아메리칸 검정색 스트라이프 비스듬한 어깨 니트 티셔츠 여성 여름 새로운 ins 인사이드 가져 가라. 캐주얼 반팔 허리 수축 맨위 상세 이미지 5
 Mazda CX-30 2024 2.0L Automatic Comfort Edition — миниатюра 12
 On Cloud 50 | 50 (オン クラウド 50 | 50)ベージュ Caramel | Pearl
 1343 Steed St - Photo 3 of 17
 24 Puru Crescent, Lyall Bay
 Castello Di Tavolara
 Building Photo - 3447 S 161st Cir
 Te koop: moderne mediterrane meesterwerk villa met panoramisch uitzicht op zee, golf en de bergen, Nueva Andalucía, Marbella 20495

▸ What to produce: Each line containing the word "Photo" must be pulled from the listing and copied.

▸ Answer to the exercise:
 1343 Steed St - Photo 3 of 17
 Building Photo - 3447 S 161st Cir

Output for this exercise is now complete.